旅三昧&ときどき読書+映画

私は小泉牧夫。英語表現研究家という肩書で『世にもおもしろい英語』『アダムのリンゴ 歴史から生まれた世にもおもしろい英語』(IBCパブリッシング刊)という本を書いています。2018年4月に 出版社を退職し、41年にわたる編集者生活を終えました。いま世界中を旅しながら、本や雑誌記事の執筆とともに、旅先ではこのブログを書いています。お金はありませんが、時間だけはたっぷりある贅沢な旅と執筆と読書と映画の日々を綴っていきたいと思います。

旅三昧&ときどき読書+映画

私は小泉牧夫。英語表現研究家という肩書で『世にもおもしろい英語』『アダムのリンゴ 歴史から生まれた世にもおもしろい英語」(IBCパブリッシング刊)という本を書いています。2018年4月に出版社を退職し、41年にわたる編集者生活を終えます。それからは世界中を旅しながら、本や雑誌記事の執筆をする予定。お金はありませんが、時間だけはたっぷりある贅沢な旅と執筆と読書と映画の日々を綴っていきたいと思います。

シェーンブルン宮殿と軍事歴史博物館

613日(木)、地下鉄Uバーンの「8日パス」の使い方がわからない。細長いペラペラの紙に縦に数字が1から6まで並んでいて、その間には線が引かれている。駅にある機械でどうやって日時を印字すればいいのか? 検札の時に、毎日きちん打刻されていないのが見つかると、何と1万円の罰金になるという。

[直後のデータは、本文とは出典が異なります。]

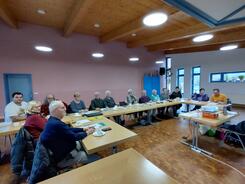 Rund 15 Senior:innen sitzen an Tischen, die in U-Form angeordnet sind. Sie gucken nach vorne auf eine Pr&auml;sentation.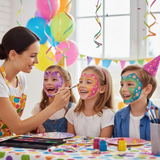 Children with face paint at a birthday party, surrounded by balloons and streamers.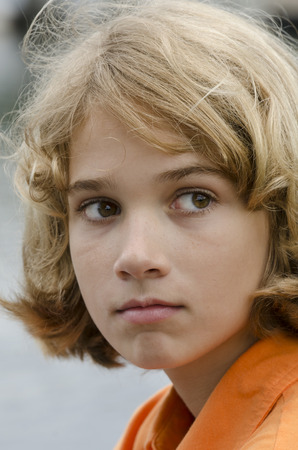 young boy looking over at something that got his attentionの写真素材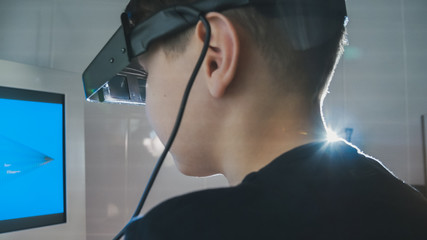 Child checks vision with the stereo video virtual reality glasses - ophthalmology clinic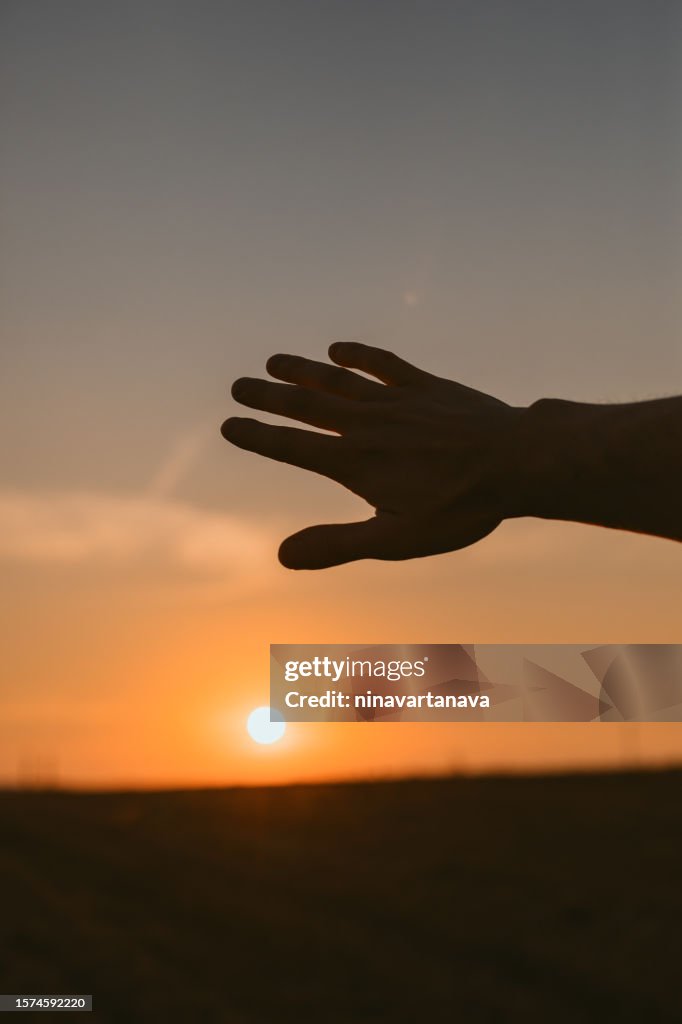 Silhouette of a man's hand reaching for the sun at sunset, Belarus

フロントで聞いてみると、その線のところで折って、一番に手前の日にちのスペースに打刻すればいいと言う。なるほど! 『地球の歩き方』には、そんな細かなところまで書いてなかった。

駅でパスに打刻して、昨晩コンサートがあったシェーンブルン宮殿に向かう。もう地図がなくても地元の人のように地下鉄も乗れるし宮殿にも行ける。ここではヴィエーナパスをチケットに代えてもらうため、長い行列に並ばなくてならない場合もあるという。でも行ってみたら、パス専用の窓口があり、そこですぐにチケットをもらうことができた。「10:45」と打刻されている。決められた時間ごとに入場できるのだ。

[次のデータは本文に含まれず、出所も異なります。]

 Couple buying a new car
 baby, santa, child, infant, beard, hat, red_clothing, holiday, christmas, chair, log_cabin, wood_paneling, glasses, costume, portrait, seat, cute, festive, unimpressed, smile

まだ15分待たなければならない。起きてからバナナ1本食べただけで、お腹がすいていた。チケットのチェックをして見学者をさばきながら入場させている女性スタッフに「breakfastを済ませて、打刻された時間より後に入ることができるか」聞いたら、「Yes, you can have breakfast.」と言う。

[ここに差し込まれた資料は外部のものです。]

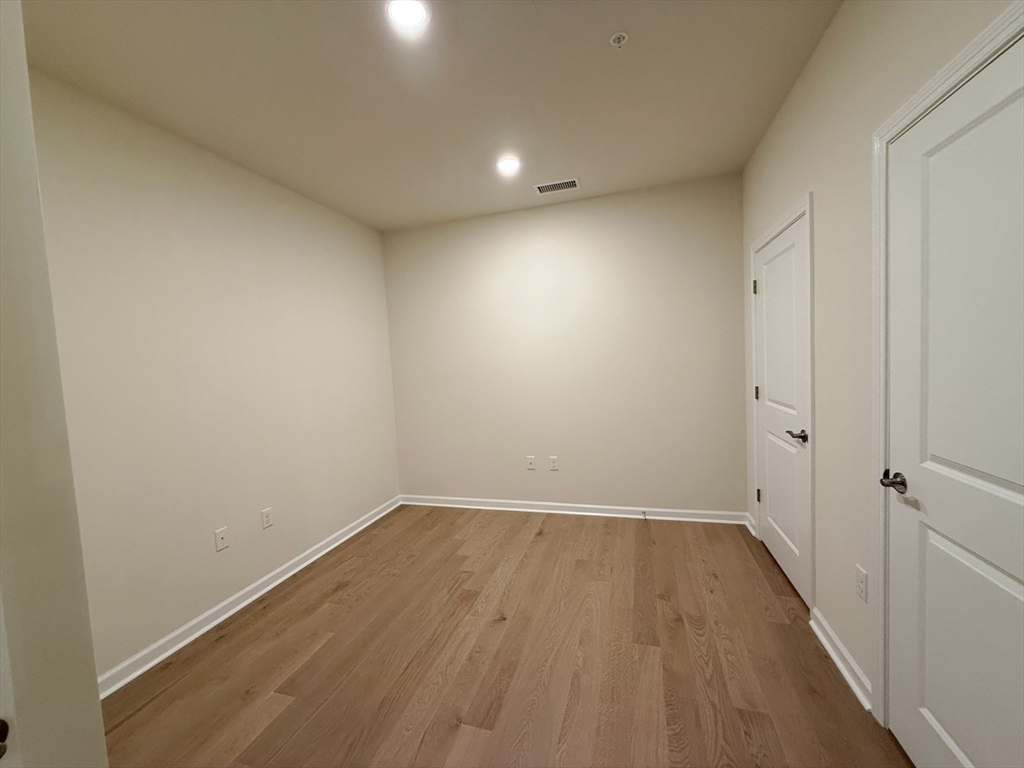 6 Stratton Drive, Unit 110 Woburn, MA 01801 - Photo 21 of 26 wooden floor in an empty room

入口の手前にあったレストランでブランチ。シーザーサラダ、ソーセージ2本のセットにコーヒーを頼む。ウェイターが「本当にサラダとソーセージを一緒に持ってきてもいいのか?」と聞くので「Yes!」と答える。すぐにその理由がわかった。そのシーザーサラダの量が半端ではなかった。もうこれだけで十分だったが、ソーセージも2本、おまけにパンも付いていて量が多い。仕方なしに時間をかけてゆっくり食べる。支払いの時に「28ユーロ」と言われ驚いた。何と3,700円ではないか! 仕方なしに、チップ3ユーロ足してカードで払う。こんなにお金を使っていたら大変なことになる。70歳になる前に自己破産してしまうかも……と反省。年金生活者でも金使いが荒ければ、当然自己破産になるんだろう。今夜の夕飯はバナナ2本にしよう。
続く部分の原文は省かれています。